§ Directions for this task: A verbatim reproduction of the lines below, from the line containing "Voir d&eacute;tails -Mazda" through the line containing "Php enable extension.", both ends included, is the whole required output.

§ Information provided:
"""
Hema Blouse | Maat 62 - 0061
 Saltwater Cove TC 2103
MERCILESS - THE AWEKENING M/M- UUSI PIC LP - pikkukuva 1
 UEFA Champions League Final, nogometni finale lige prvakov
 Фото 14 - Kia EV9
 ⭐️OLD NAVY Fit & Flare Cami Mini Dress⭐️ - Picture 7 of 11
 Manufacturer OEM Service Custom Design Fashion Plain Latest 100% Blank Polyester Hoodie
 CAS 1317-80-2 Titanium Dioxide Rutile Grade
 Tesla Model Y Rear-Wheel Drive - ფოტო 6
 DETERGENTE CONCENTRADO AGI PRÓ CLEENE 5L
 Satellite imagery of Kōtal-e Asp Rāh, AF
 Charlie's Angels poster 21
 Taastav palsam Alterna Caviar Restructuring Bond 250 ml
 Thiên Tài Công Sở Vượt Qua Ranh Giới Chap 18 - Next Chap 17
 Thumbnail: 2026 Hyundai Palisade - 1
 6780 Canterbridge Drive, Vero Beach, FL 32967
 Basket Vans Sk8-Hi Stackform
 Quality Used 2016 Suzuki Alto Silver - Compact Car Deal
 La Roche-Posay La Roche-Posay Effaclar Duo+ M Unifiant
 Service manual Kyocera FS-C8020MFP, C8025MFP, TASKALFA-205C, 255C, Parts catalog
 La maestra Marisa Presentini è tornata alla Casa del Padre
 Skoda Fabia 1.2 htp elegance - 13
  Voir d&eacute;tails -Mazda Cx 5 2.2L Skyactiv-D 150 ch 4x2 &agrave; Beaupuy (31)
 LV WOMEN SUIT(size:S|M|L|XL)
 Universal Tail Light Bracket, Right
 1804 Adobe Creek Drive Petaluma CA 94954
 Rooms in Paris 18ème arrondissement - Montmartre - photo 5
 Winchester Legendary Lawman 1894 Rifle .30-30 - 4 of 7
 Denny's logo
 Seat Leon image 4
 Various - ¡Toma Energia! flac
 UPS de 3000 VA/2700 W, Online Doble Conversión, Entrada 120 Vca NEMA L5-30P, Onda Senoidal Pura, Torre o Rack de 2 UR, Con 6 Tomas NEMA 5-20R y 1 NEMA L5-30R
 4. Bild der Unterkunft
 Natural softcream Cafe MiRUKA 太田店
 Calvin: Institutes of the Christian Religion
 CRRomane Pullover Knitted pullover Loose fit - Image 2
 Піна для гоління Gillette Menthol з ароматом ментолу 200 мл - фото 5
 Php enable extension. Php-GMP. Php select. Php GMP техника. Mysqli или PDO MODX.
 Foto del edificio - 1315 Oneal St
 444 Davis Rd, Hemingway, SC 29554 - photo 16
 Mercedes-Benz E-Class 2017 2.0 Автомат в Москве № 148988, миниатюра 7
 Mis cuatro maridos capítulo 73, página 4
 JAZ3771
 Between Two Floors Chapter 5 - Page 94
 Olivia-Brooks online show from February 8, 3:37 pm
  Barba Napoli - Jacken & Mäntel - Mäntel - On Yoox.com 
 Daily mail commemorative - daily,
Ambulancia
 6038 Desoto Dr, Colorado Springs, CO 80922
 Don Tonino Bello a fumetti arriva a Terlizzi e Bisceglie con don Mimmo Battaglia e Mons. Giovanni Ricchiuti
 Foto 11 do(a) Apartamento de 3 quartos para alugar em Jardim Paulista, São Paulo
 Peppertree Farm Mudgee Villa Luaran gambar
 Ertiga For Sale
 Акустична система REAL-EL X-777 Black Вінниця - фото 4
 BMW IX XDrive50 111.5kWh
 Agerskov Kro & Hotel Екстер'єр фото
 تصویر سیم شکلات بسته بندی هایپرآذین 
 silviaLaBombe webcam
"""
§ Response to this task:
  Voir d&eacute;tails -Mazda Cx 5 2.2L Skyactiv-D 150 ch 4x2 &agrave; Beaupuy (31)
 LV WOMEN SUIT(size:S|M|L|XL)
 Universal Tail Light Bracket, Right
 1804 Adobe Creek Drive Petaluma CA 94954
 Rooms in Paris 18ème arrondissement - Montmartre - photo 5
 Winchester Legendary Lawman 1894 Rifle .30-30 - 4 of 7
 Denny's logo
 Seat Leon image 4
 Various - ¡Toma Energia! flac
 UPS de 3000 VA/2700 W, Online Doble Conversión, Entrada 120 Vca NEMA L5-30P, Onda Senoidal Pura, Torre o Rack de 2 UR, Con 6 Tomas NEMA 5-20R y 1 NEMA L5-30R
 4. Bild der Unterkunft
 Natural softcream Cafe MiRUKA 太田店
 Calvin: Institutes of the Christian Religion
 CRRomane Pullover Knitted pullover Loose fit - Image 2
 Піна для гоління Gillette Menthol з ароматом ментолу 200 мл - фото 5
 Php enable extension. Php-GMP. Php select. Php GMP техника. Mysqli или PDO MODX.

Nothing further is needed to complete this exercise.